That only works flawlessly if arr is an array of pointers to const. If you declare it with char* arr[10];, you get a warning from gcc (-Wincompatible-pointer-types).
Okay thanks, it actually works ... but there is one more problem: At the moment I set the content with sprintf since the content consist of strings and integers and stuff ... but with doing that gcc has now this problem: passing argument 1 of ‘sprintf’ discards ‘const’ qualifier from pointer target type
@Sonnywhite Allocate your array members as char * (e.g. with char *x = malloc(size)) and sprintf there, then put this pointer in your array like a[0] = x;. Again, this conversion is allowed and implicit.
1

Initialize a constant string array dynamically

Within a function, there are various ways to initialize a const string array at run-time.

// example
const char *s[2] = { (char [3]){ rand(), 0, 0},(char [3]){ rand(), 0, 0} };

Yet it appears OP needs only something like that.
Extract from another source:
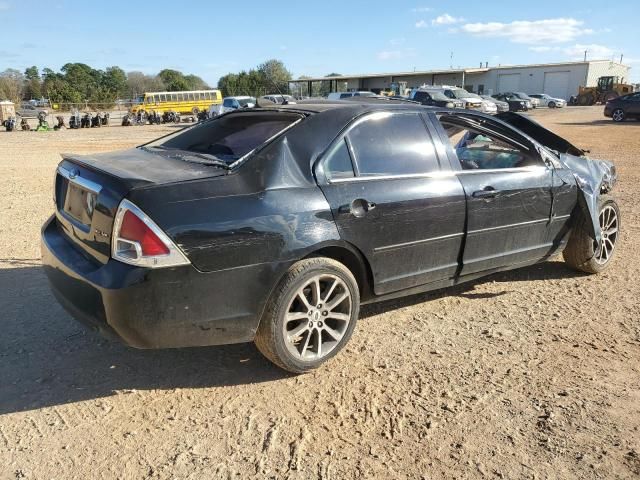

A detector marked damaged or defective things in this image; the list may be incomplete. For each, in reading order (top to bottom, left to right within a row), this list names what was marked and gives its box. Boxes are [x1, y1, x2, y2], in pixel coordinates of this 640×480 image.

damaged black sedan [41, 100, 620, 372]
Form the various strings, each in valid memory.

// Exmaple
#define SZ (4 + 11 + 1)
char buf[len][SZ];
for(int j=0; j<len; j++) {
  sprintf(buf[j],"%s%d","test",j);
}

Form an array of const char *

  const char *names[len];
  for(int j=0; j<len; j++) {
    names[len] = buf[len];
  }

Call Cudd_DumpBlifBody(). The char const *const * parameters can be called with type char const *const * or char const **

#include <stdio.h>
#include <stdlib.h>

typedef void DdManager;
typedef void DdNode;
int Cudd_DumpBlifBody(DdManager *dd, int n, DdNode **f, 
    char const *const *inames, 
    char const *const *onames, FILE *fp, int mv) {
  return 0;
}
#define SZ (4 + 11 + 1)

int sw(int len) {
  char buf[len][SZ];
  const char *names[len];
  for(int j=0; j<len; j++) {
    sprintf(buf[j],"%s%d","test",j);
    names[len] = buf[len];
  }
  char const *const *inames = names;
  char const *const *onames = names;
  return Cudd_DumpBlifBody (NULL, 0, NULL, inames, onames, NULL, 0);
}

Local objects like char buf[len][SZ]; could easlily get too large for local storage. Consider *alloc() if unsure or if len could be large.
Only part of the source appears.